Endymion may or may not look gay, but the artist repeatedly trumpets male virtues and, like Rick Barton in the 1960s, adopts the privileged vantage point of male desire. The portrait that outraged its sitter shows her as Danaë, whom Zeus raped as a shower of coins. His sitter, an actress marrying up to a banker, did not overlook the allegory. Yet she comes very close to Girodet's independent version of the same mythological theme. Cherubs spread a cloth dripping with coins above Danaë, in a ritual of at once veiling and penetration. A rooster supplies the proper male cackle.

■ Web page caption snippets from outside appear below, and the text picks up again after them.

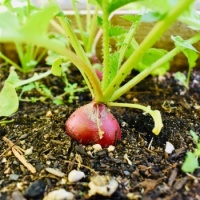 Radish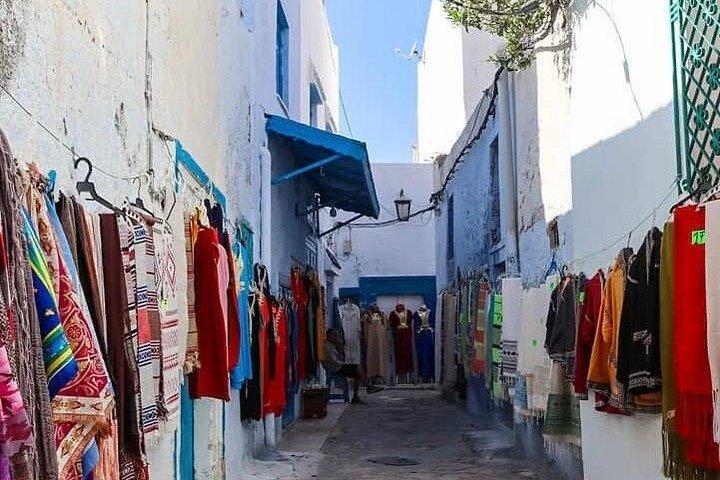 Full Day Excursion Tunis Carthage and Sidi Bou Said From Tunis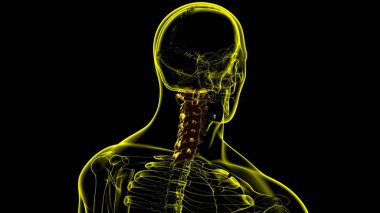 İnsan İskeleti Omurgası Servikal Omurga Anatomisi 3D İllüstrasyon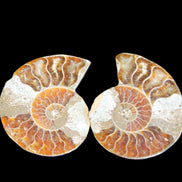 Jurassic Ammonite from Madagascar split pair 44*36*5mm 27/29g in sunlight - Rocks and Things Store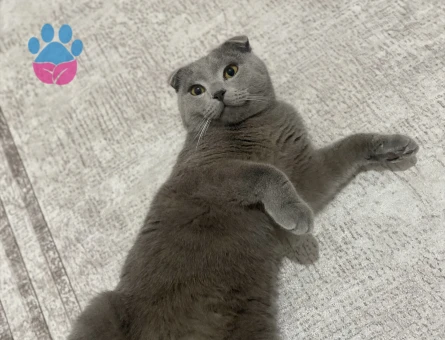 Scottish Fold 10 Aylık Oğlumu Çiftleştirmek İStiyorum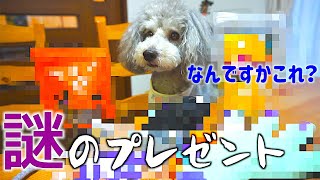 🐶うちの犬宛に、とあるプレゼントが届きました。【トイプードルのグリィ】【犬】【dog】【toy poodle】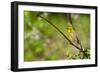 Prairie Warbler-Jay Ondreicka-Framed Photographic Print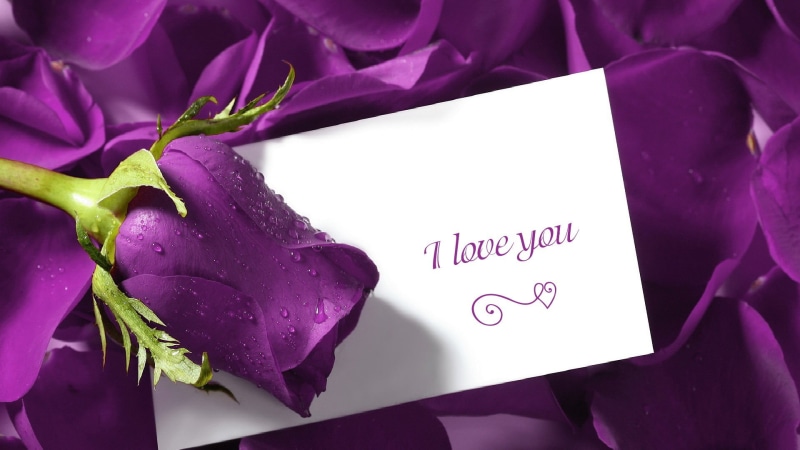 petals, love, letter, purple, 1080P, rose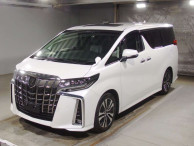 2019 Toyota Alphard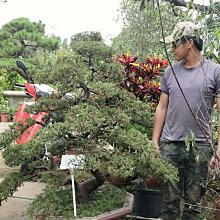 元茂園藝中壢園區-新貨上架 日式真柏 塑型完成 二十餘年盆栽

Romanticism did not start or stop suddenly. Rather, as with most dramatic changes, it bundled past ideals into a radically new package. That meant allowing old contradictions to show, and it required changes in style to match. It kept the eighteenth-century theater and confrontations between nature and culture that would have made sense even to George Stubbs, but increasingly the artist and viewer take center stage along with the painted actors. The confrontations of Edouard Manet, Edgar Degas, and the avant-garde really do lie directly ahead.
Girodet makes a terrific case study, and not just in marketing for the Met, which earlier promoted Théodore Chassériau as "the unknown romantic." He certainly starts a student of the Revolution. His name sounds straight out of the aristocracy, but Trioson and the hyphen actually arise from his adoptive stepfather. He remains within David's figure-driven compositions. He keeps visible brushwork to his sketches, and his range of color stays narrow, pale, and flat.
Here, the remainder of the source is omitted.